Md Sirajul Huque^* | V. Kiran Kumar

Department of Computer Science and Technology, Dravidian University, Kuppam 517426, India

Corresponding Author Email:

sirajulhuque1985@gmail.com

Received:

8 September 2024

Revised:

30 November 2024

Accepted:

7 December 2024

Available online:

27 December 2024

| Citation

ijcmem_12.04_06.pdf

OPEN ACCESS

Abstract:

The misleading reviews posted on shopping websites and other media platforms sway the opinions and decisions of different customers. On the other hand, dishonest reviewers will make an effort to mimic the writing style of legitimate reviews. There is no guarantee that these text-feature-based approaches will work anytime soon. In addition, the likelihood of an imbalanced category distribution in practice limits detection performance. This paper proposes a fraudulent review detection system that uses ensemble feature selection and multidimensional feature creation to overcome these limitations. Our idea builds three-dimensional characteristics, which include text, reviewer behaviour, and misleading scores. Furthermore, a data resampling approach combines Random Sampling and oversampling techniques to mitigate the effects of an imbalanced distribution of categories. In addition, we combine the outcomes of several feature selection methods that focus on information gain, XGBoost feature importance, and the Chi-square test. On various text datasets, the proposed technique demonstrates exemplary performance in fraudulent review identification according to the experimental findings using feature selection methods, resampling methods, classification, etc. Our technique outperforms existing sophisticated methods when faced with low-quality text or an imbalanced dataset.

Keywords:

social networks, feature selection, multidimensional, classification, evaluation metrics

1. Introduction

Reviews on social media have risen in tandem with the popularity of online shopping and other forms of social media due to the constant improvement of network technology. However, some users submit inadequate and misleading evaluations to achieve their goals. In contrast, others offer excellent personal ratings because all the socializing and trading networks have relatively lax limits on customer reviews. The opinions and understanding of other users will be shaped by these reviews posted on social media. Furthermore, future buyers' decisions and actions are influenced mainly by evaluations and feedback on goods. In addition to severely violating users' rights and interests, misleading evaluations impede the positive and sustainable growth of social media and e-commerce [1]. It is still a worthwhile and challenging endeavour to detect fraudulent reviews.

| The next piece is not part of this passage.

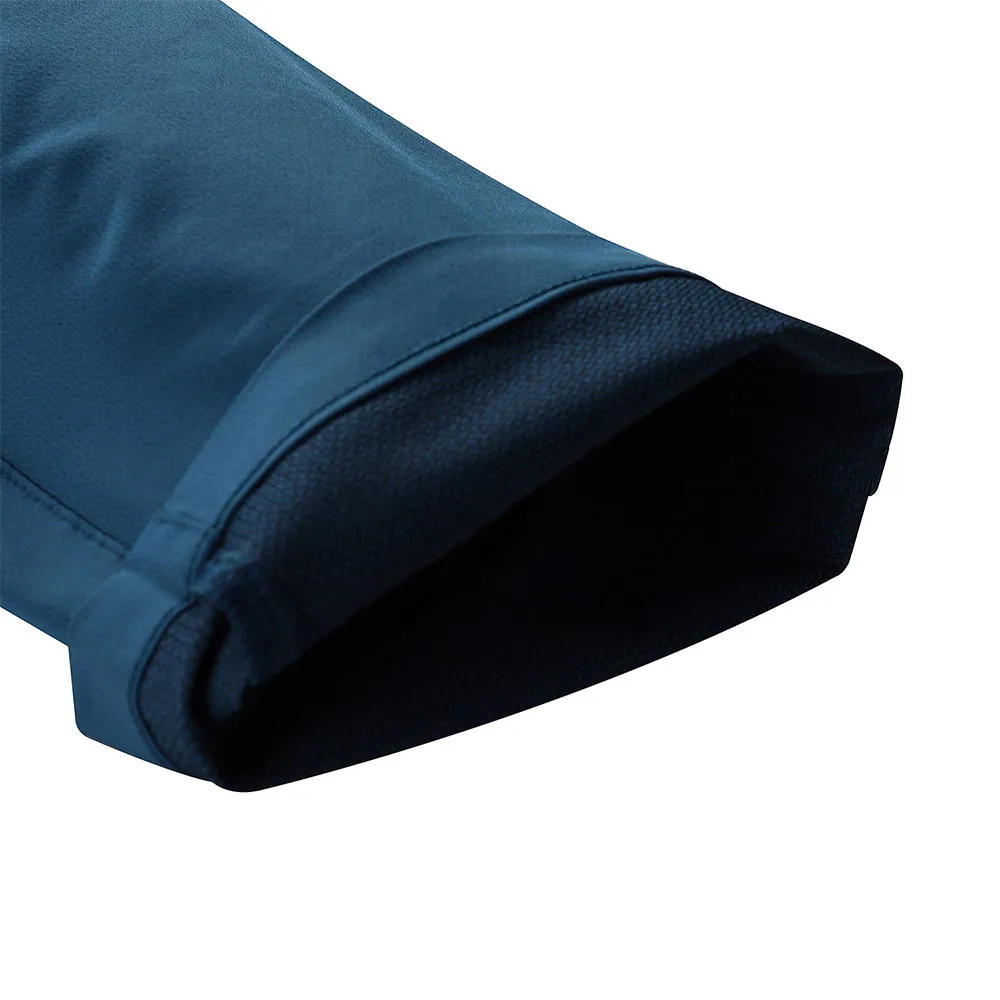 Alpine Pro Ramel Hosen Alpine Pro Ramel Hosen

The impact of misleading evaluations on customers' decisions and companies' reputations was initially highlighted in the study [2]. Because misleading reviews require context connections to be detected, it is tough for humans to identify them. Most approaches handle it using supervised learning techniques as it is a classification problem. The review content was analyzed using linguistic characteristics [3]. The impact of building a single feature data set is restricted in today's complicated internet buying market, where dishonest reviewers intentionally mimic or even replicate honest reviews, making the deceitful writings seem similar to authentic texts. The study [4] proposed that review behaviour traits and text elements play a significant role in determining review authenticity and can help identify fraudulent reviews. Also, training and predicting with a model becomes much more challenging if there is an imbalance in the quantity of honest and dishonest data.

Thank you very much for your insightful comment. The novel contributions of our work are considered as: We evaluated text features and reviewer behaviour features from the data set using sampling unbalanced data approaches. The existing work has faced difficulty for model training and prediction. The key differentiating factors of this paper are as follows. This paper compares it to five other sophisticated techniques to highlight its benefits. We employ certain cross-validation procedures to guarantee the precision of the findings. Using feature generation and selection, this paper presents a fraudulent review detection approach to tackle the aforementioned issues. After completing the fraudulent review identification task, it accepts the real scenario with less quality text data and with imbalanced type distribution.

The significant contributions of this work are mentioned below.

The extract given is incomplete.